— SUPPLIED RECORDS —
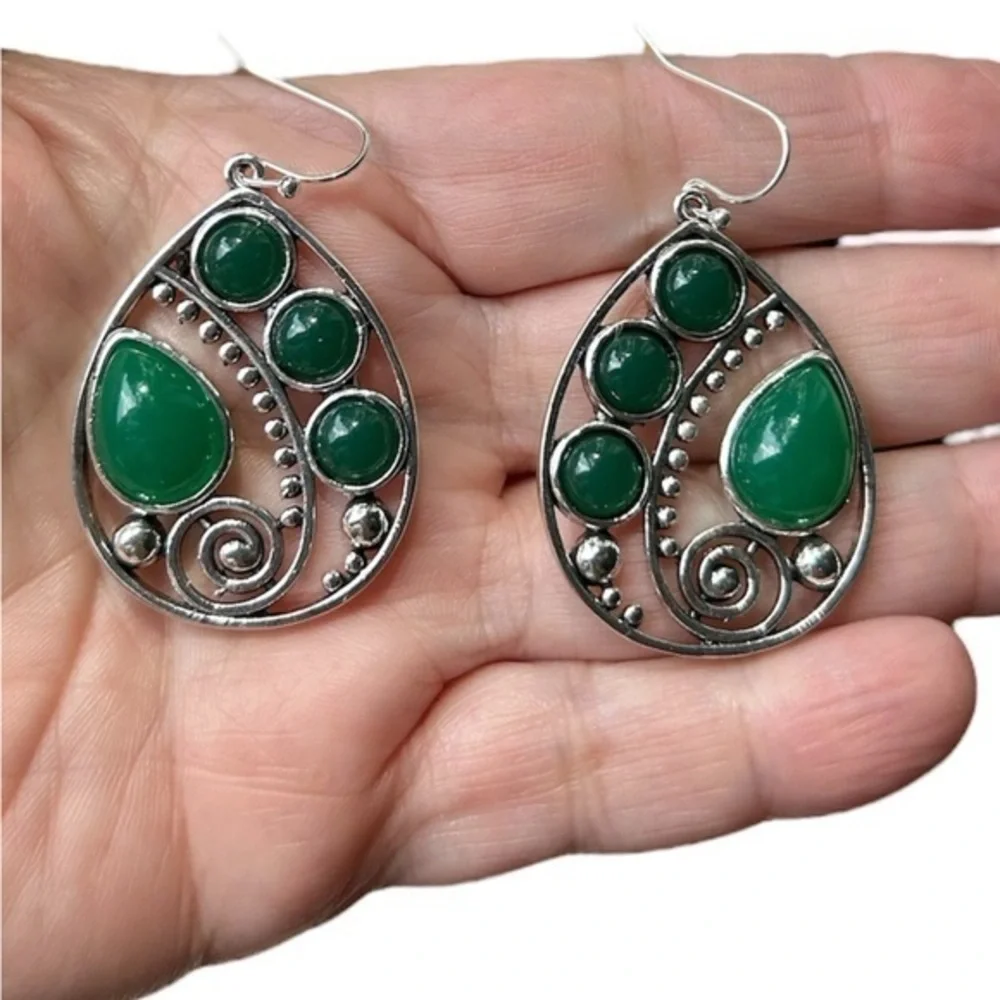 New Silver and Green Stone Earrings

...

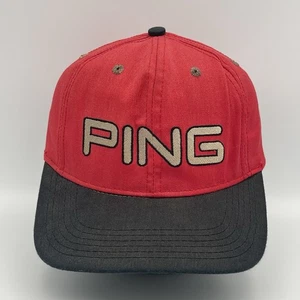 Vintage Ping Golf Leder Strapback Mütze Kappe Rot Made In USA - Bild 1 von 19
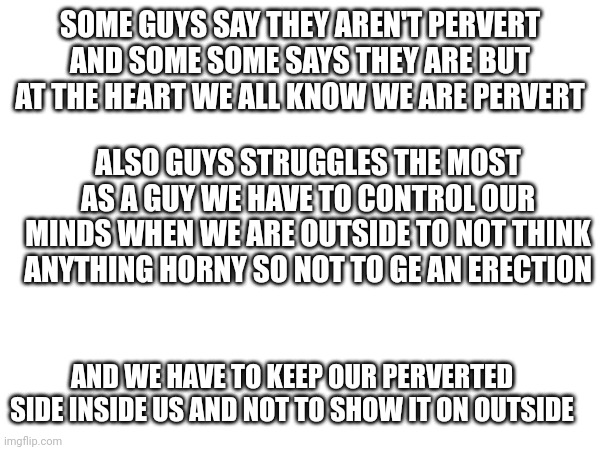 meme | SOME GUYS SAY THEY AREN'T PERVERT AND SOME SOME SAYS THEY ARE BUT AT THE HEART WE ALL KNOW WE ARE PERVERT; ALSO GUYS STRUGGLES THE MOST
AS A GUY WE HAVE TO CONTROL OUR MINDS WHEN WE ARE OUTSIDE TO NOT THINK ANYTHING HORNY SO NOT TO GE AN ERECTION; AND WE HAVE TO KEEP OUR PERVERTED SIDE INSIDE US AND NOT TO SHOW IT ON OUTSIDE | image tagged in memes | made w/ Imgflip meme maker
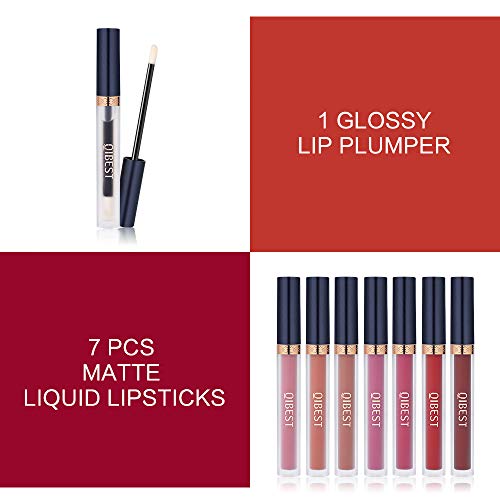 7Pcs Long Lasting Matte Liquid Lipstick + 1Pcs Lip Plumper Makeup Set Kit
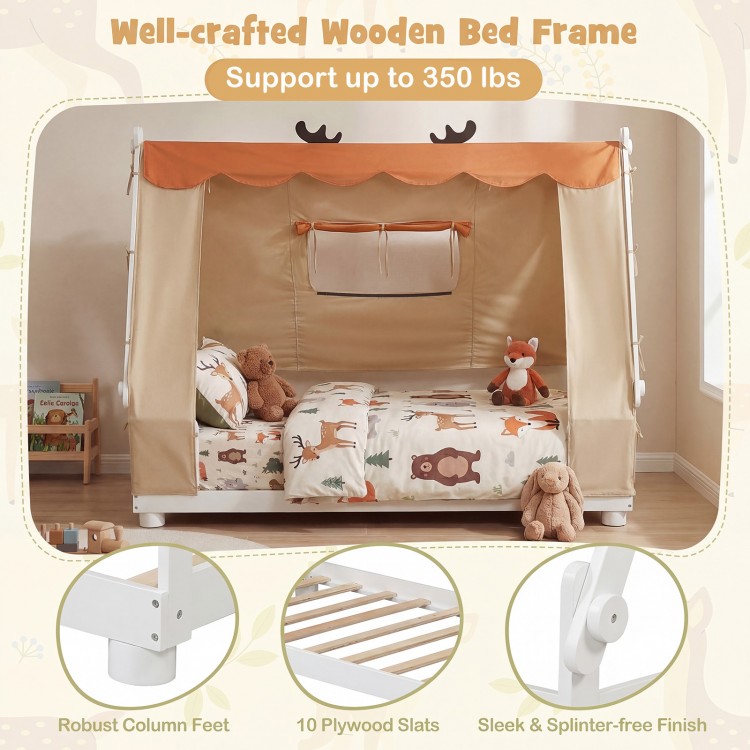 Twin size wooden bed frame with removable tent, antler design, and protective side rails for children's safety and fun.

— WHAT THE TASK ASKS —
Look above for the line with "AS A GUY WE" and the line with "Twin size wooden", then copy them and all lines in between exactly as written, and only those, without any pictures.

— RESULT OF THIS EXERCISE —
AS A GUY WE HAVE TO CONTROL OUR MINDS WHEN WE ARE OUTSIDE TO NOT THINK ANYTHING HORNY SO NOT TO GE AN ERECTION; AND WE HAVE TO KEEP OUR PERVERTED SIDE INSIDE US AND NOT TO SHOW IT ON OUTSIDE | image tagged in memes | made w/ Imgflip meme maker
 7Pcs Long Lasting Matte Liquid Lipstick + 1Pcs Lip Plumper Makeup Set Kit
 Twin size wooden bed frame with removable tent, antler design, and protective side rails for children's safety and fun.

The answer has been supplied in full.